Kestrel Gold Inc.(the "Corporation") (TSX VENTURE:KGC) is pleased to announce that the Corporation proposes to complete a non-broker private placement of up to 10,000,000 units ("Units") of the Corporation at a purchase price of $0.40 per unit for total proceeds of $4,000,000. Each Unit shall consist of one (1) common share and one (1) share purchase warrant ("Warrant") of the Corporation. Each full Warrant shall entitle the holder to purchase one (1) Common Share of the Corporation at a purchase price of $0.60 per Common Share exercisable on or before one (1) year from the date of issuance of the Warrants. In certain instances the Corporation may pay a 7% cash commission or a 10% commission payable in Common Shares of the Corporation valued at the same price as the private placement plus 10% brokers warrants to purchase Units of the Corporation at the same price of the Units are being purchased for under the private placement.

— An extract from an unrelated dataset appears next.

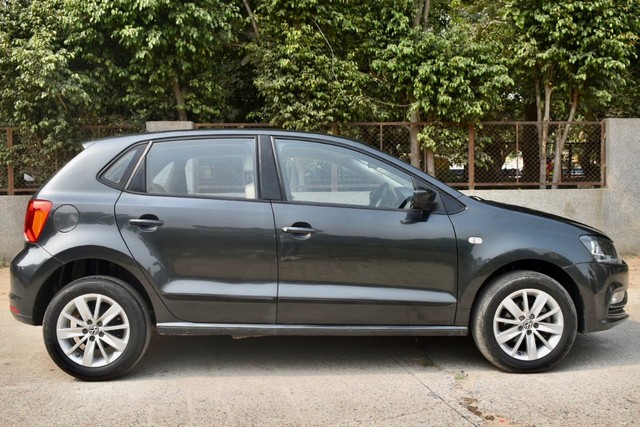 Second-hand 2015 Volkswagen Polo 1.2 MPI Highline for sale in Gurgaon-3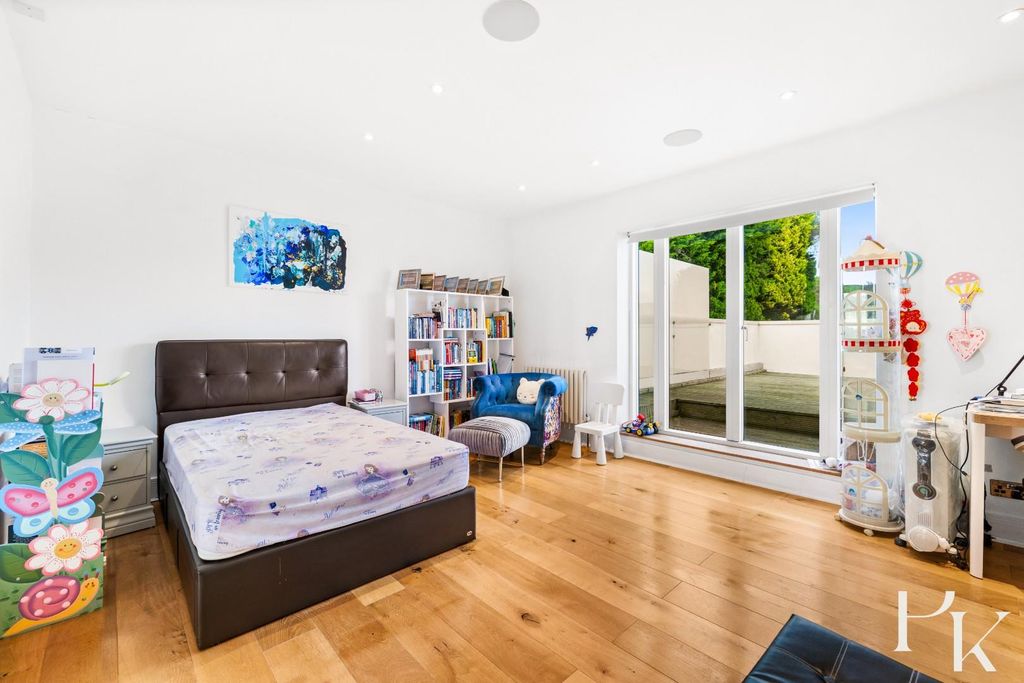 Additional image 34 of 5 bed detached house for saleRoedean Crescent, Brighton BN2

All Common Shares, Warrants and any Common Shares into which such securities may be converted shall be subject to a four (4) month hold period from the closing date of the proposed private placement.

Proceeds from the private placement shall be used to fund obligations under the previously announced loan arrangement and the Option and Purchase Agreement relating to Rio Diablillos (S.R.L.) and for general working capital purposes.

About Kestrel Gold Inc.

Listed on the TSX-V, Kestrel is committed to acquiring, exploring and development precious metal projects in North and South America. It has an experienced and committed board of directors and the financial ability to aggressively meet its objectives.

Cautionary Statements

This news release contains "forward-looking statements" within the meaning of applicable securities laws relating to a proposal to complete a private placement of Units of the Corporation. Readers are cautioned to not place undue reliance on forward-looking statements. Forward-looking statements are based on certain key assumptions made by the Corporation, including assumptions regarding the ultimate terms of the proposed transaction, completion of definitive agreements, the satisfaction of conditions to the completion of the transaction and the receipt of all regulatory and stock exchange approvals. Actual results and developments may differ materially from those contemplated by these statements depending on, among other things, the risks that the parties will not proceed with the option, that the ultimate terms of the option may differ from those that currently are contemplated, that the option will not be successfully completed for any reason (including the failure to obtain the required approvals or clearances from regulatory authorities. The forward-looking statements in this press release are made as of the date of this release and the Corporation undertakes no obligation to update publicly or revise any forward-looking statements whether as a result of new information or otherwise, except as required by applicable securities laws. The Corporation undertakes no obligation to comment on analyses, expectations or statements made by third-parties in respect of the Corporation or its financial or operating results or (as applicable) their securities.

The TSX Venture Exchange has not reviewed and does not accept responsibility for the adequacy or accuracy of this news release.